Calf Hunting Techniques - Tracking
Moose Size Comparison
I will be hunting moose for the first time with my sons.
We will not qualify for the adult tags so we plan on hunting a calf.
It would seem to me that calling will be of no use. Is there a preferred method to getting where the calves may be? I understand that being close the water is a good start.
Yes, near water is going to be a good place to hunt moose calves.
If you are hunting on a lake or slow moving river, moose cows and calves may be found during early morning or later in the evening along the shorelines.
Another method of hunting moose calves will be to track them.
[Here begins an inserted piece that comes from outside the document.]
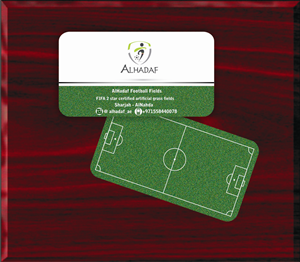 Business Card Design by MG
Moose calf tracks are easy for the hunter to distinguish from the adult. The calf moose track being less than 3" (76mm) in length compared to that of an adult which may be 4 to 6 inches (102 to 152mm).
Direction of travel is distinguished by observing the track. The pointy end of the imprint shows direction of travel.
Of course if there is snow on the ground, tracking becomes a much easier thing to do or if the ground is soft (as in the picture), you will also be able to track moose easily.
Conversely, when the ground is hard and dry it can be very difficult to track any moose, let alone a small one like a calf.
Cows with calves are more difficult to track than bulls, because they are especially alert to danger that may imperil their calves.
For any type of tracking, it is imperative for the hunter to stop frequently to "observe". Moose have keen, senses and are able to distinguish non-moosey sounds easily. Through the action of stopping and looking and listening the hunter will break up his own human sounds which will spook a moose.
Tracking moose, like many other aspects of moose hunting requires practice. Time in the field and boots on the ground will make major differences to your moose hunting successes.
As mentioned in previous articles, there is a lack of information regarding the hunting of moose calves. To some degree, hunting moose calves remains a mystery.